On 4/1/25 4:41 PM, Waiman Long wrote:
On 4/1/25 3:59 PM, Tejun Heo wrote:
Hello, Waiman.
On Mon, Mar 31, 2025 at 11:12:06PM -0400, Waiman Long wrote:
The problem is the RCU delay between the time a cgroup is killed and
is in a
dying state and when the partition is deactivated when
cpuset_css_offline()
is called. That delay can be rather lengthy depending on the current
workload.
If we don't have to do it too often, synchronize_rcu_expedited() may be
workable too. What do you think?
I don't think we ever call synchronize_rcu() in the cgroup code except
for rstat flush. In fact, we didn't use to have an easy way to know if
there were dying cpusets hanging around. Now we can probably use the
root cgroup's nr_dying_subsys[cpuset_cgrp_id] to know if we need to
use synchronize_rcu*() call to wait for it. However, I still need to
check if there is any racing window that will cause us to miss it.
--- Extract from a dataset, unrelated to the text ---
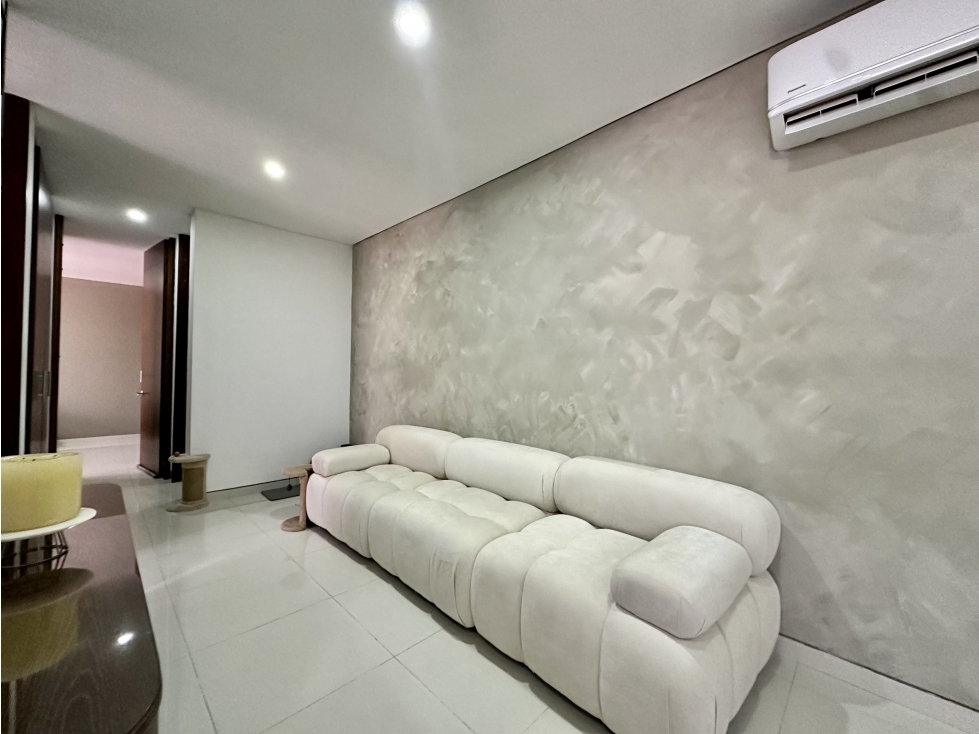 Apartamento en Venta en Riomar en Barranquilla - 4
Sorry, I don't think I can use synchronize_rcu_expedited() as the use
cases that I am seeing most often is the creation of isolated partitions
running latency sensitive applications like DPDK. Using
synchronize_rcu_expedited() will send IPIs to all the CPUs which may
break the required latency guarantee for those applications. Just using
synchronize_rcu(), however, will have unpredictable latency impacting
user experience.
Another alternative that I can think of is to scan the remote
partition list
for remote partition and sibling cpusets for local partition
whenever some
kind of conflicts are detected when enabling a partition. When a dying
cpuset partition is detected, deactivate it immediately to resolve the
conflict. Otherwise, the dying partition will still be deactivated at
cpuset_css_offline() time.
That will be a bit more complex and I think can still get the
problem solved
without adding a new method. What do you think? If you are OK with
that, I
will send out a new patch later this week.
If synchronize_rcu_expedited() won't do, let's go with the original
patch.
The operation does make general sense in that it's for a distinctive
step in
the destruction process although I'm a bit curious why it's called
before
DYING is set.
Because of the above, I still prefer either using the original patch or
scanning for dying cpuset partitions in case a conflict is detected.
Please let me know what you think about it.
Thanks,
Longman